Puerto Rican fashion model with Down syndrome

Sofía Isabel Jirau González (born March 26, 1997) is a Puerto Rican model.

== Personal life ==
Jirau was born in Puerto Rico to Frankie Jirau and Mimi González. She is the second eldest of four children. On April 29, 2020, on an Instagram Live, Jirau revealed she was in a relationship with Christopher González, a chef who owns a food truck. Both met at her job. According to her boyfriend, it was love at first sight. In an interview with People magazine, when asked who her fashion icon was, Jirau answered it was Jennifer Lopez. She also stated that she wanted to meet her.

== Career ==
Jirau made her modeling debut at a fashion show for designer Wanda Beauchamp at age 16. However, she officially started working as a model on March 26, 2019, her 23rd birthday. Since then, she has modeled for top designers. On February 10, 2020, the 24 year old Puerto Rican model made her debut at New York Fashion Week, becoming one of the few models with Down syndrome to participate in this event. Her debut was covered dozens of media outlets around the world, such as Vogue Mexico, People, ¡Hola!, among others.

Jirau became an entrepreneur in 2019 by launching an online store, which is named "Alavett", based on her favorite phrase "I love it", where she offers clothing, accessories, and home products. She also dreams of becoming an actress.

The model has made several partnerships with different brands, as well as upcoming modeling shows in Puerto Rico. She has also made appearances in videos telling her story, as well as awareness campaigns about Down Syndrome encouraging the community that there's no limits to accomplish one's dreams.

In February 2022, Jirau became the first-ever model with Down Syndrome to be hired by the American retail company Victoria's Secret.
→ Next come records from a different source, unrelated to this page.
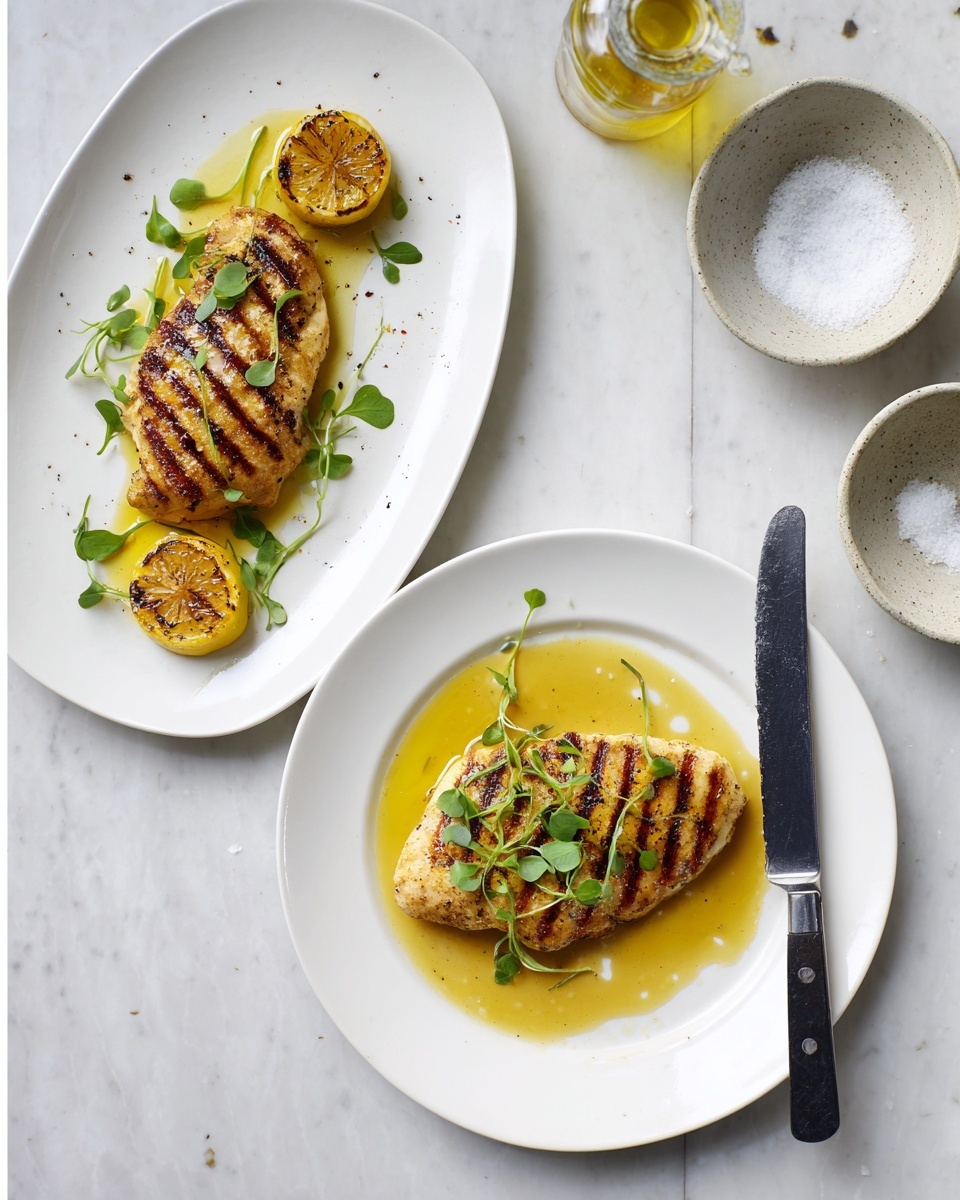 The first dish shows a white round plate with one grilled piece of chicken sitting in the center, with dark brown grill marks running horizontally across the light golden-brown chicken. The chicken is topped with fresh green pea shoots scattered on top and a small pool of yellow oil sauce underneath. There is a black knife with a silver blade resting on the right side of the plate on a white marbled surface background. The second dish features an oval white plate with two golden-brown cooked pieces of chicken that have a crispy skin texture. The chicken rests in a yellow, glossy sauce with two grilled lemon halves, one between the chicken pieces and one next to them. Surrounding the plate on the white marbled surface are a small bowl with salt, a glass bottle with olive oil, and a light grey speckled bowl with sauce. photo taken with an iphone --ar 4:5 --v 7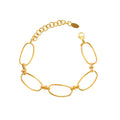 Personalized Minimalist Casual Accessories Geometric Shape Splicing Bracelet Design Sense Titanium Steel Gold Plated Bracelet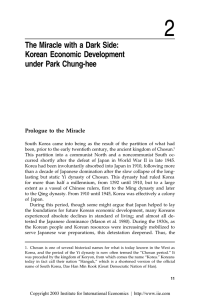 The Miracle with a Dark Side: Korean Economic Development under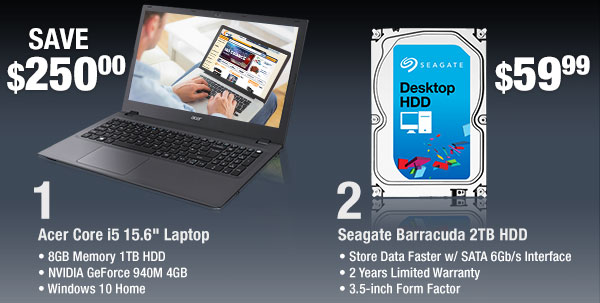 Acer Core i5 15.6" Laptop, Seagate Barracuda 2TB HDD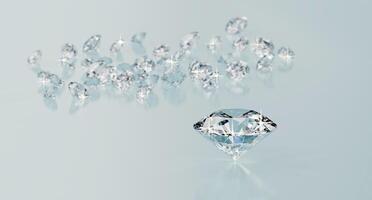Brilliant diamonds group placed on glossy background 3d Rendering Soft Focus photo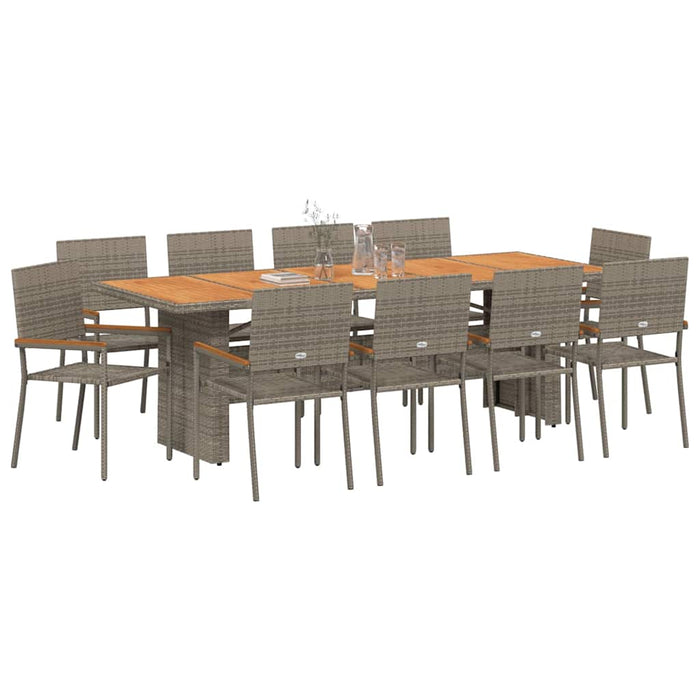 Set de masă pentru grădină 11 pcs Gri poliratan - WALTI WALTI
According to a press release, she, alongside 17 other women, promotes Victoria's Secret's new all-day comfort Love Cloud line, which the brand believes would "reinforce(e) Victoria's Secret's commitment to welcoming and celebrating all women." The announcement was covered by several news outlets in Puerto Rico and the U.S., as well as covered by magazines.

Currently, Jirau works as an Experience Ambassador in the Puerto Rican company INprende, which has served as Jirau's supporter in fulfilling her dreams.